Einsatzstelle am Schwedenhaus am SamstagnachmittagAm 16. August 2002 machten sich 14 Feuerwehrkameradinnen und Kameraden aus Neu-Eichenberg, davon 8 Kameraden aus Hebenshausen, auf den Weg nach Dresden um mit weiteren Kameraden aus dem Werra-Meißner-Kreis sowie dem Roten Kreuz, bei dem Katastrophenschutzeinsatz der „Flutkatastrophe in Dresden“ an der Elbe zu helfen.

So starteten wir am frühen Vormittag des 16. August mit 50 Einsatzfahrzeugen und mit insgesamt 270 Einsatzkräften im Konvoi und eskortiert von der Polizei in Richtung Dresden.

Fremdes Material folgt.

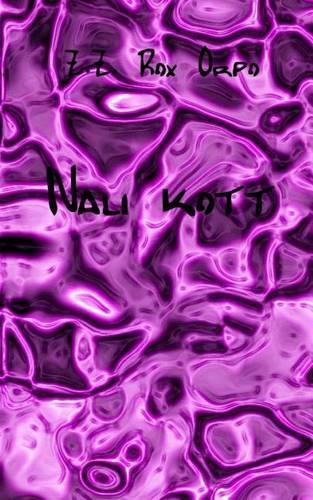 Nali Kott: (Estonian)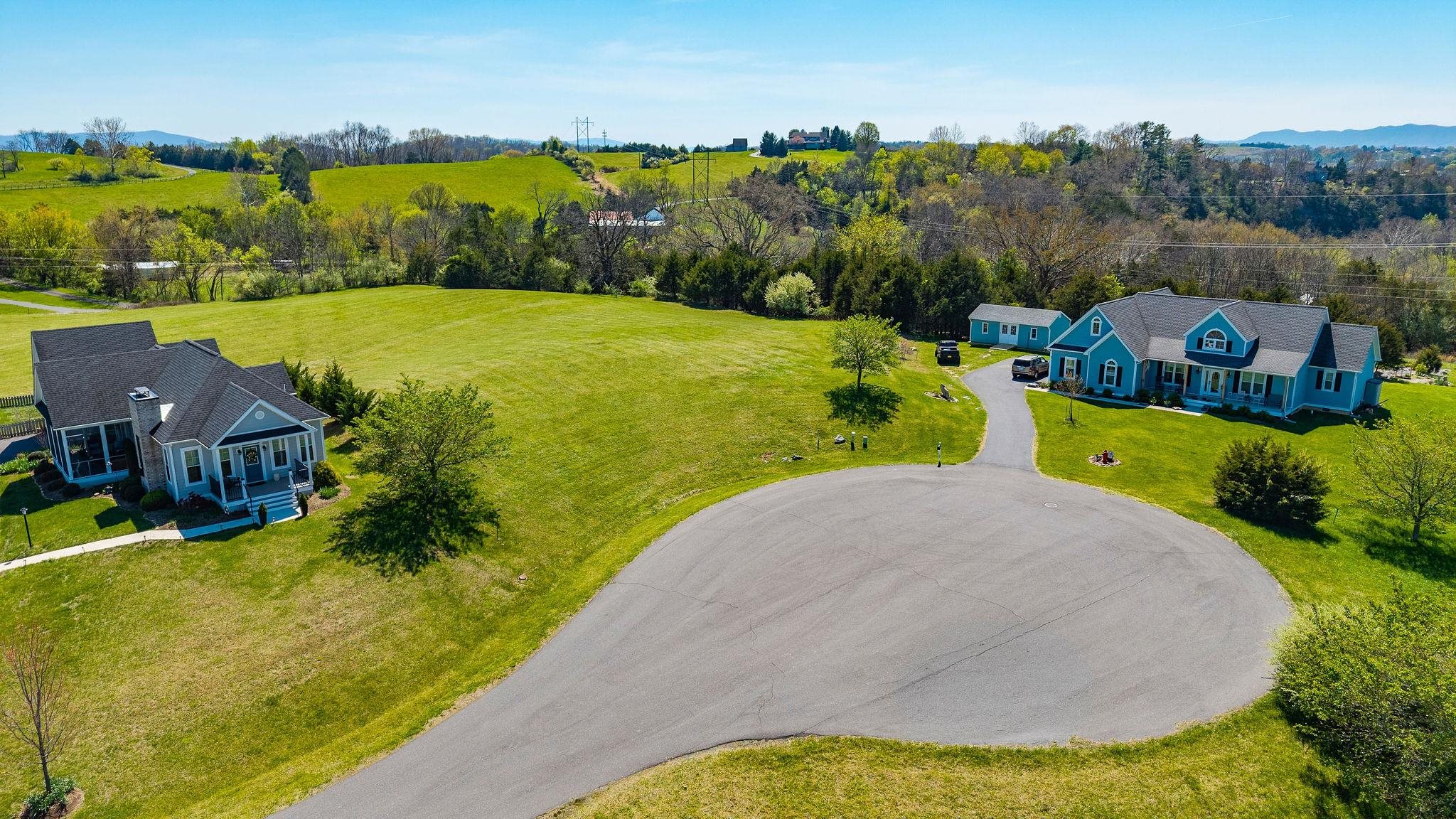 Lot 2 CORA LN, LEXINGTON, Virginia 24450, ,Land,Lot 2 CORA LN,675711 MLS # 675711 Lot 2 CORA LN, LEXINGTON, Virginia 24450, ,Land,Lot 2 CORA LN,675711 MLS # 675711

Auf der Fahrt gab es jedoch eine Änderung, wir wurden nach Dessau umgeleitet, weil „in Dessau noch etwas zu retten sei“.

Die Stadt Dessau liegt an der Elbe und an der Mulde. Besonders bedrohlich war hier die Situation, denn durch den hohen Wasserstand der Elbe am Norden der Stadt konnte auch das Wasser der Mulde und verschiedener Bäche, die östlich der Stadt zur Elbe fließen, nicht ablaufen. Es drohte der Deichbruch am Stadtteil Dessau-Waldersee.
Direkt nach der Ankunft in Dessau um 15 Uhr und einer kurzen Einsatzbesprechung wurden wir mit Bussen zum ersten Einsatzort am Deich transportiert. Der Einsatzort war am „Schwedenhaus“ von Dessau. Wir bildeten dort den Beginn einer Menschenkette und luden viele Fahrzeuge, die mit Sandsäcken vorfuhren, ab. Die Menschenkette an dieser Stelle bestand aus uns Feuerwehrkameradinnen und Kameraden, sehr vielen Bewohner der Stadt und Soldaten der Bundeswehr. Die vielen Bewohner jeden alters arbeiteten mit und bis zum Rand ihrer Kräfte. Man konnte feststellen, dass unsere Anwesenheit eine beruhigende Wirkung auf die Bewohner ausübte.
Der Einsatz am Einsatzort „Schwedenhaus“ wurde bis in die Nacht um 2 Uhr bei Regen fortgesetzt. Wir arbeiteten zu dieser Zeit bereits einen Meter unter dem Wasserspiegel des Hochwassers hinter dem Deich! Als Unterkunft in dieser Nacht diente uns die Grundschule von Dessau-Waldersee.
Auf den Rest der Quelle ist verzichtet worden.